D.  Phase IV : La phase subséquente au rapport de l’Office

[17]  Le 2 juin 2016, soit le lendemain de la publication du rapport de l’Office, le BGGP, dans une lettre adressée à la Nation Bigstone, a fait part de l’intérêt du Canada à la consulter directement et a fait savoir que la Couronne considérait que son obligation de consultation se situait à l’extrémité supérieure du continuum de la consultation. Pour s’assurer du sérieux des consultations de la Couronne, le gouverneur en conseil, le 17 juin 2016, a prorogé de deux mois le délai prescrit par la loi pour que le Canada rende sa décision sur le projet. La Nation Bigstone s’est vu accorder des fonds d’un montant maximal de 8 500 $ pour prendre part aux consultations postérieures à l’audience. Le BGGP s’est efforcé d’organiser une réunion dès la mi-juillet, mais la Nation Bigstone n’a pas pu y prendre part en raison d’un [traduction« processus de restructuration organisationnelle »; des représentants du BGGP et de l’Office ont fini par rencontrer des représentants de la Nation Bigstone le 24 août et le 1er septembre 2016. À ces réunions, on a invité la Nation Bigstone à discuter des questions en suspens ainsi que des mesures d’accommodement proposées. Le 20 septembre 2016, le BGGP a présenté à la Nation Bigstone, pour commentaires, une ébauche du Rapport sur la consultation et l’accommodement de la Couronne (le RCAC), accompagnée d’une ébauche d’annexe concernant précisément la Nation Bigstone (l’annexe relative à la Nation Bigstone). Les 27 et 30 septembre 2016, le BGGP a écrit à la Nation Bigstone pour lui demander ses commentaires et il a prorogé le délai, d’abord au 29 septembre 2016, puis au 11 octobre 2016. Le 3 octobre 2016, la Nation Bigstone a informé le Canada qu’elle souhaitait faire des commentaires sur l’ébauche du RCAC; le 24 octobre 2016, n’ayant eu aucune autre nouvelle de la Nation Bigstone, le BGGP a mis la dernière main à l’ébauche du RCAC et à l’annexe relative à la Nation Bigstone.
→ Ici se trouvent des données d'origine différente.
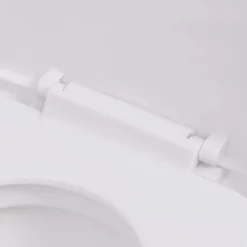vidaXL væghængt toilet keramisk hvid
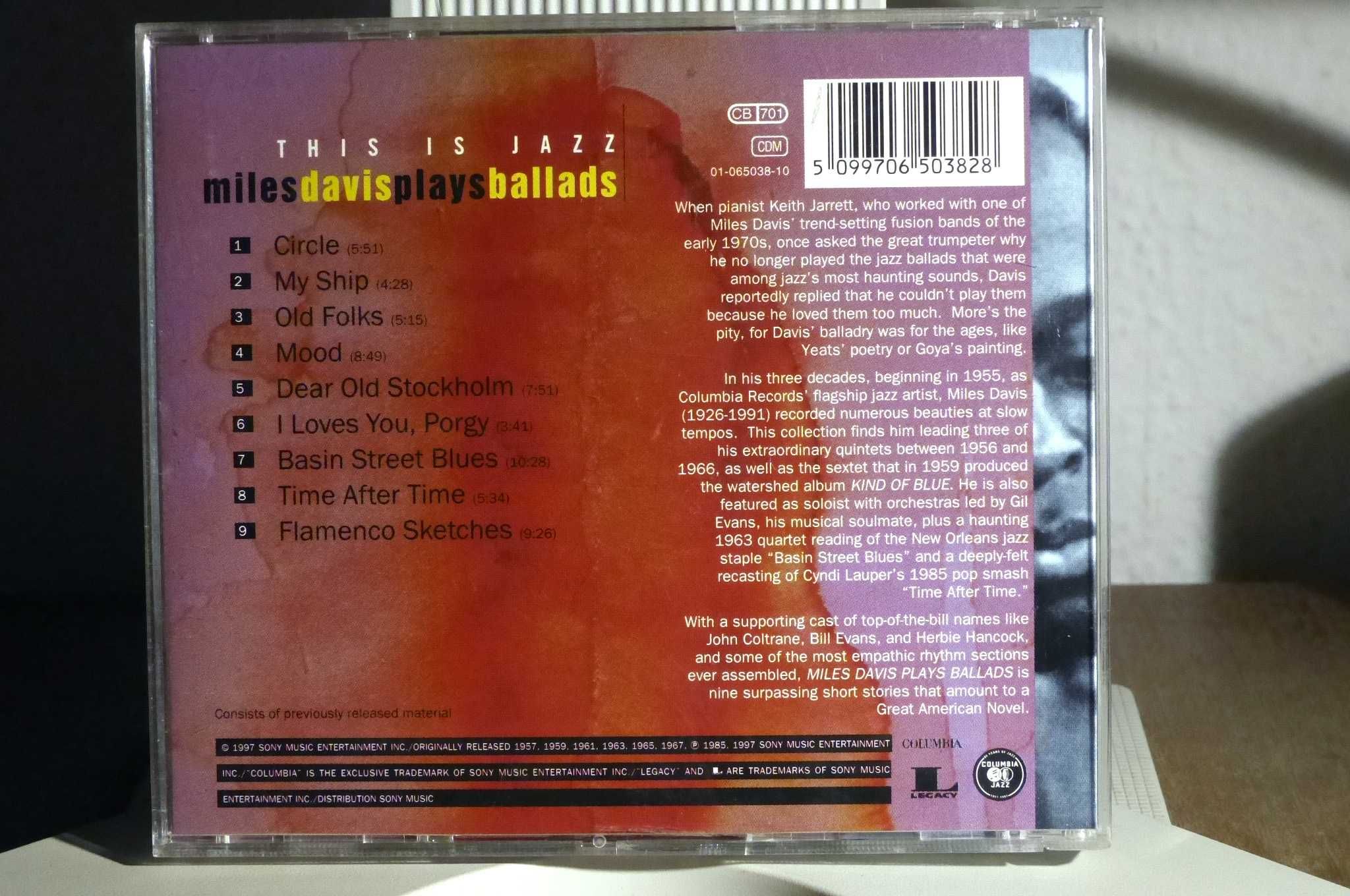 CD Miles Davis - Miles Davis Plays Ballads / bdb-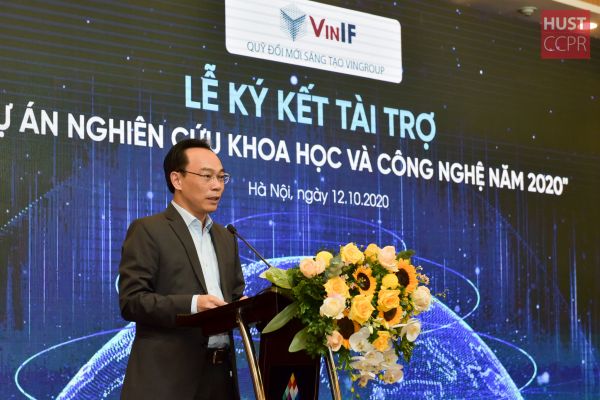 Bách khoa Hà Nội nhận tài trợ nghiên cứu từ Quỹ Đổi mới sáng tạo Vingroup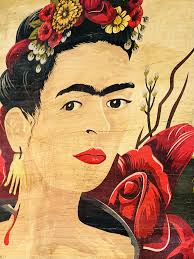 Vintage Made in Mexico Frida Kahlo Painting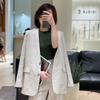Nanyou Women's Minimalist Linen Collarless Suit Jacket - Autumn 25 Collection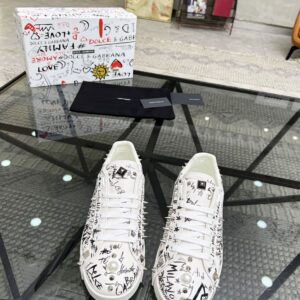 DOLCE & GABBANA WHITE PORTOFINO SNEAKERS - HY012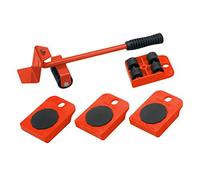 Meister Werkzeuge 419900 Kit de cales de levage et de roulettes de transport pour meubles acier Charge max: 150 kg Nombre de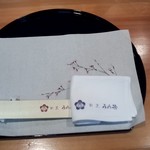 割烹 うめ笹 - セッティング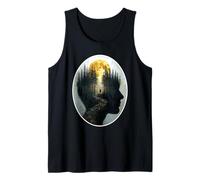 Interior Sendero de Crecimiento Alma Espiritual Mente Silenciosa Profunda Camiseta sin Mangas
Le 25 octobre 2016, le chef Gordon T. Auger a demandé la tenue d’une réunion entre les dirigeants de la Nation Bigstone et le BGGP et a suggéré au BGGP d’envisager de demander une prorogation des délais en vigueur. Cette lettre est restée sans réponse.

[18]  En se fondant sur son analyse des informations disponibles, la Couronne s’attendait à ce que sa conduite envisagée ait un effet minime sur les droits garantis par l’article 35 à la Nation Bigstone et elle a jugé que les conditions énoncées par l’Office pour assurer la construction et l’exploitation sécuritaires du projet atténueraient les effets négatifs éventuels. La Couronne croyait aussi s’être acquittée de son obligation de consulter la Nation Bigstone.
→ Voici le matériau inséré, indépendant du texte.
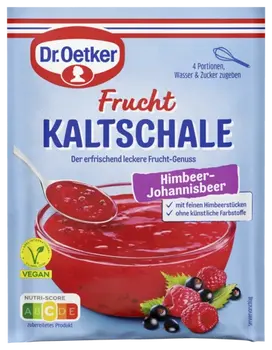 Dr. Oetker Fruchtkaltschale Himbeer-Johannisbeer
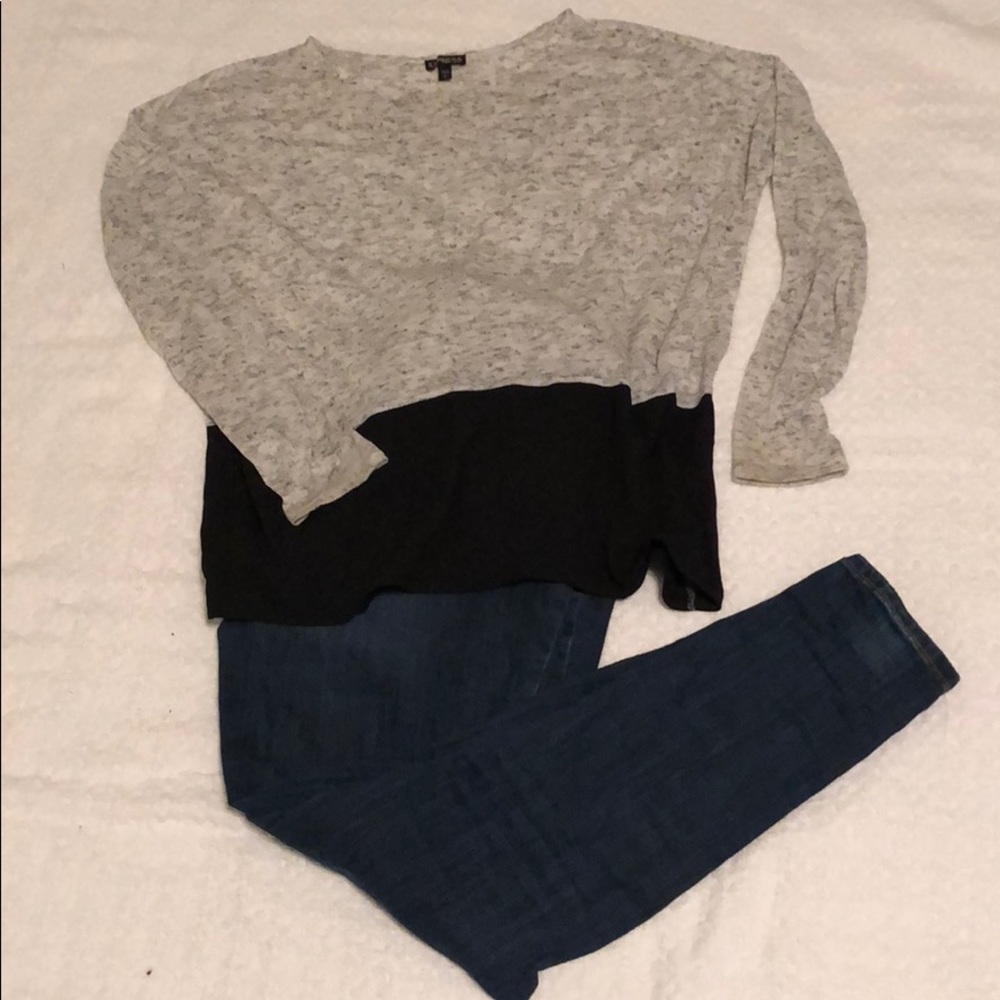 Classic grey/black top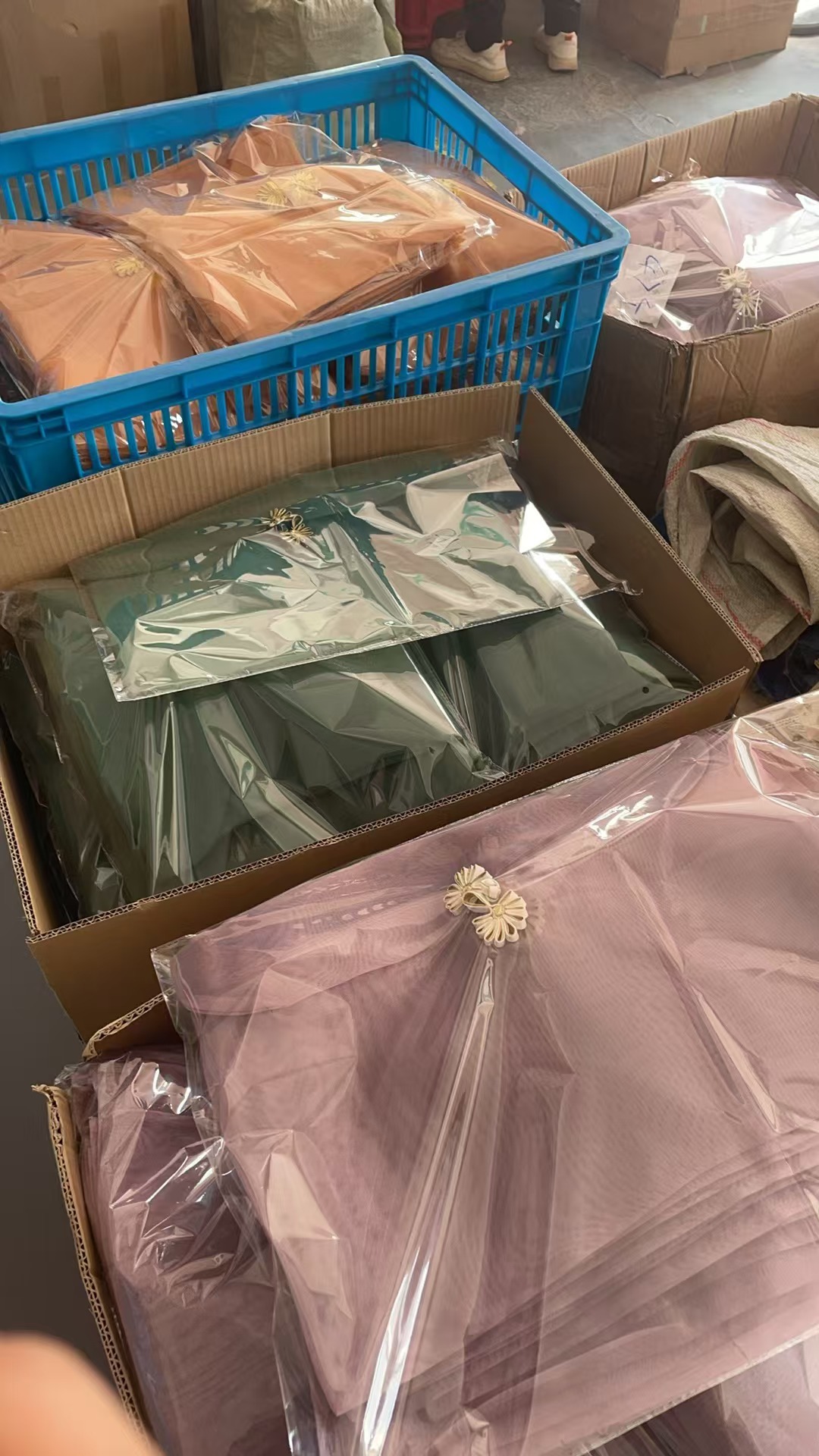 高密度无光纱翻盖袋丝巾旗袍内衣服饰专用包装袋中国风信封收纳袋详情11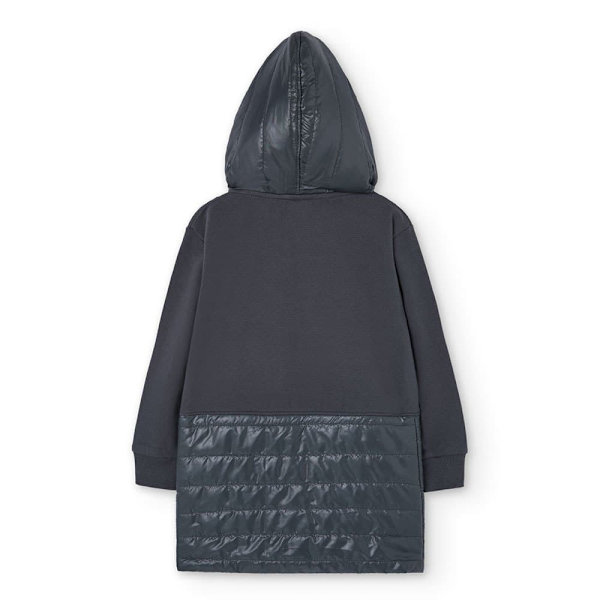 Boboli Fleece Combined Klänning Grå 6 Years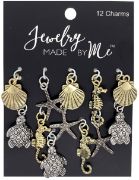 Picture of Charms 12/Pkg Sea Life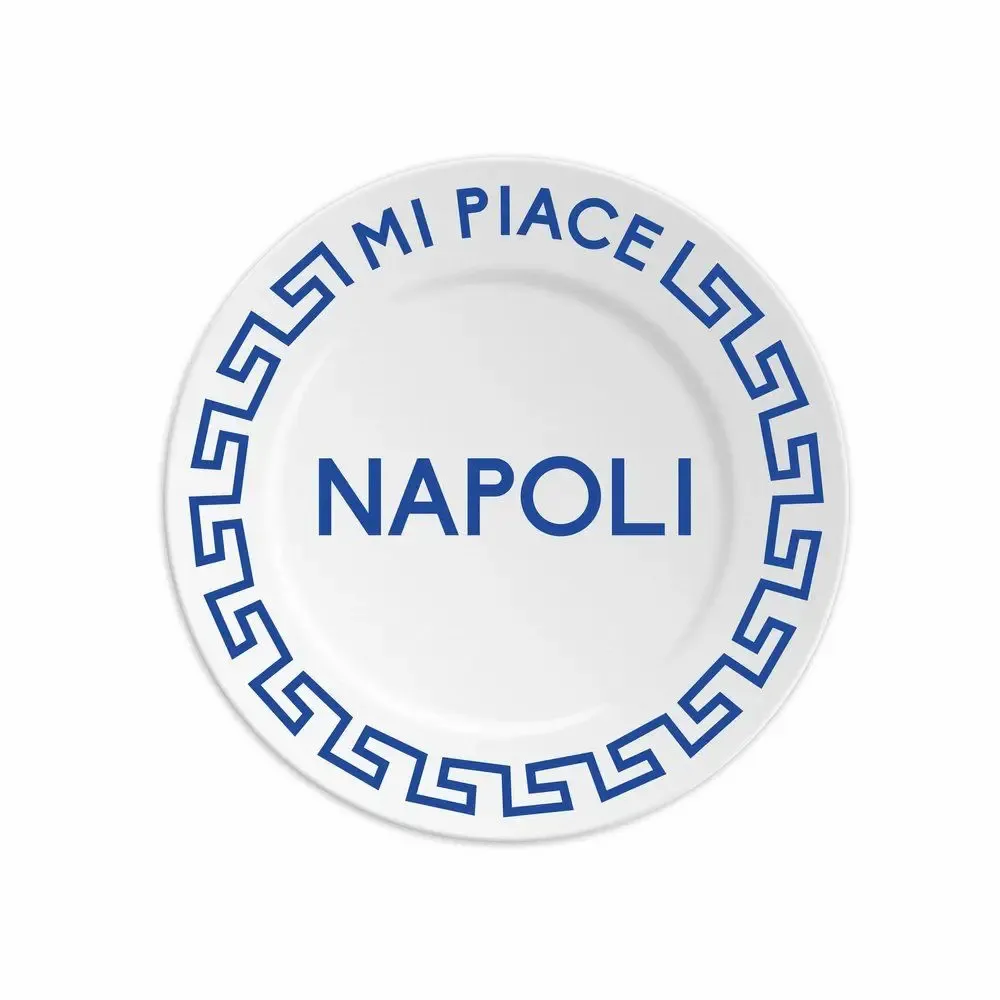Assiettes au quotidien - ASSIETTE 16 MI PIACE NAPOLI - ILARIA.I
[19]  Le 28 octobre 2016, le gouverneur en conseil a pris le décret donnant instruction à l’Office de délivrer un certificat à NGTL pour la réalisation du projet, sous réserve des conditions énoncées à l’annexe III du rapport de l’Office. Dans le préambule de ce décret, il est expliqué que le gouverneur en conseil est arrivé à sa conclusion après avoir examiné les préoccupations et les intérêts des groupes autochtones, se disant convaincu que ces préoccupations et ces intérêts avaient fait l’objet de mesures d’accommodement appropriées et que le processus de consultation était compatible avec l’honneur de la Couronne. Il a aussi souscrit à la recommandation de l’Office, à savoir que, si la Société se conformait à toutes les conditions, le projet présenterait un caractère d’utilité publique, tant pour le présent que pour le futur, et qu’il n’était pas susceptible d’entraîner des effets environnementaux négatifs importants. Enfin, le gouverneur en conseil a estimé que « le projet renforcerait l’infrastructure de transport du gaz naturel pour un approvisionnement en gaz naturel adéquat et faciliterait, au plan environnemental, l’exploitation durable des ressources » (DD, vol. 1, p. 16).

[20]  Le 4 novembre 2016, l’Office a délivré le certificat. Le 10 décembre 2016, le décret a été publié dans la Gazette du Canada, accompagné d’une note explicative. Cette note ne fait pas partie du décret contesté, mais elle permet de comprendre le contexte qui l’entoure. Il est utile de mentionner que le gouverneur en conseil a estimé que NGTL avait évalué correctement les effets du projet sur l’infrastructure existante, comme les routes et les chemins. Le gouverneur en conseil a également conclu que les mesures d’atténuation que proposait NGTL pour limiter les perturbations au caribou étaient satisfaisantes, compte tenu des préoccupations soulevées par Environnement et Changement climatique Canada. Le gouverneur en conseil a signalé la volonté de NGTL de continuer de communiquer avec les groupes autochtones. Il a également pris en compte les conditions énoncées par l’Office pour répondre aux préoccupations de Santé Canada à l’égard du bruit associé au projet et des effets de ce bruit sur la santé humaine, la prorogation de délai de deux mois accordée par la Couronne pour permettre la tenue de consultations plus approfondies ainsi que le questionnaire en ligne visant à mesurer l’intérêt du public envers le projet. Quinze personnes ont répondu à ce questionnaire et ont fourni 47 réponses, dont la majorité était en faveur du projet.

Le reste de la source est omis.